Dark grey wall paint makes the finished tiling and painted wainscoting pop.
The light fixture has been installed.
The vanity and countertop/lavatory are in. Although the countertop is marble, the sink is vitreous china. This was another of my requisites. Our previous countertop had been molded cultured marble, and, although it had given us quite a few good years of service (probably at least 25 of the 36 years we’ve been in the house), for quite a few years the sink had been worn down to the underlying chalk in places, making it difficult to clean, not to mention unsightly. We opted for a 31″ countertop and larger vanity to replace the 24″ one. I’m not sure we need the extra storage space we gain in the cabinet, but the extra countertop space will be very welcome.
Jason installs the curtain rod, a curved one, which we’re actually not crazy about but will get used to. After this photo was taken, it had to be relocated because we determined that a standard 72″ ×72″ shower curtain would not reach the tub, and the shortest “extra-long” one (84″) would drag on the floor.
These photos were taken when construction was complete but before the room had been “dressed.”
These were taken after furnishings had been added.
In this photo you can glimpse the new solid panel door (with brushed nickel lever lockset) that replaced a flush hollow door. Jonathan worked hard at getting this squared up (the old one was poorly installed) and perfecting the threshold.
For those who are interested in such things, the paint color (from Home Depot) is Antique Tin (PPU18-03). The vanity (Kountry Wood) and the Carrara marble countertop are from Hood’s. The vanity light (from Lowe’s) is Kichler Oxby. The wall cabinet (also from Lowe’s) is Glacier Bay Lancaster. The lavatory fixture is Delta Everly from Home Depot. We had wanted the widespread model but had to settle for the centerset because that’s the way the marble vanity top was drilled.
The shower fixtures are a combination. The Delta hand shower with slide bar came from Lowe’s; the valve, faucet, shower arm, and flange are Delta Celice from Home Depot (the “rain”-style shower head was not used).

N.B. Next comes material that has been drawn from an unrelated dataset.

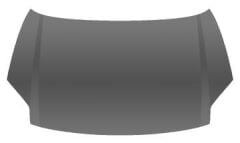 Citröen Berlingo M59 Ön Kaput DEGA 7901.K5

The accessories—26″ × 23″ pivoting wall mirror, 24″ double towel bar, towel ring, toilet paper holder, tank lever, and double robe hook—all in spot-resist brushed nickel, are all Moen Banbury, from Home Depot.
The Better Homes and Gardens waffle stripe pieced-fabric shower curtain is from Walmart; the other furnishings—Antique Pewter soap dispenser, Antique Pewter tumbler, black marble toothbrush holder, brushed nickel shower curtain hooks, Flat Gray 20″ × 34″ rug, Flat Gray contour rug, and Flat Gray toilet lid cover—are from Target. The shower curtain, in addition to being quite attractive, has the bonus feature that it can be hung with the stripes running either horizontally or vertically.